Deux fleurs en hiver

roman de Delphine PESSIN

Quand on est vieux, on a vécu, aimé, chialé. On a été courageux, lâche, idiot et amoureux. On s'est trompé, on a choisi, qu'est-ce qu'il y a de mal à le dire franchement?

Didier jeunesse, 2020, 187 p.
Didier jeunesse, 2020, 187 p.

Capucine est une jeune fille aux drôles de perruques qui rêve de devenir aide-soignante pour personnes âgées. Dès les premiers jours de son stage à l'EPHAD Bel Air, le rythme de travail est infernal, les employés et les "petits vieux" sont sous pression: pourtant rien n'écorne sa motivation.

 

Violette, quant à elle, est une nouvelle résidente, carrément amère de laisser derrière elle sa maison et son chat adoré pour finir sa vie dans ce "mouroir".

 

Chacune a une blessure, chacune a un secret. Mais quelque chose, dans ces deux fleurs abîmées par la vie, pourrait bien renaître de leur étincelante rencontre...

Mon avis :

Un roman touchant sur les relations intergénérationnelles.

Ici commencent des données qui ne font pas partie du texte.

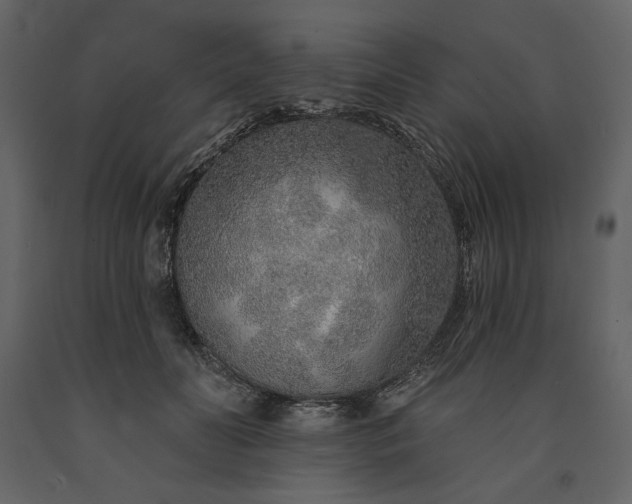 X0000091230606200708231656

Capucine est une jeune fille hors du commun. En formation ASSP (Accompagnement, soins et services à la personne), elle a choisi de faire son stage auprès des personnes âgées ("Je ne redoutais pas de travailler avec les vieux") alors que ses camarades de classe rêvent toutes de s'occuper d'enfants. Par ailleurs elle a la curieuse manie de porter des perruques de toutes couleurs et de tous styles ("C'est bizarre, quand on y pense, de porter une perruque à cet âge"). On apprend rapidement qu'elle a perdu sa mère deux ans auparavant et qu'il lui est encore bien difficile d'évoquer "l'Accident", y compris avec son père. Les relations avec celui-ci sont tendues, le dialogue devenu impossible, d'autant plus qu'il conteste sa décision de devenir aide-soignante, métier pénible et mal payé.

 

Comme de fait l'intrigue tourne beaucoup autour de "la réalité du terrain": "Il fallait composer avec ce qu'on avait. C'est-à-dire moins de personnel, et toujours autant de travail". Patricia, Lili, Claudine, toutes regrettent de n'avoir pas le temps de discuter avec les résidents qui sont "juste des numéros sur les portes". Malgré tout, Capucine va le prendre, ce temps, avec une "petite mémé" (comme elle dit) arrivée en même temps qu'elle, Violette.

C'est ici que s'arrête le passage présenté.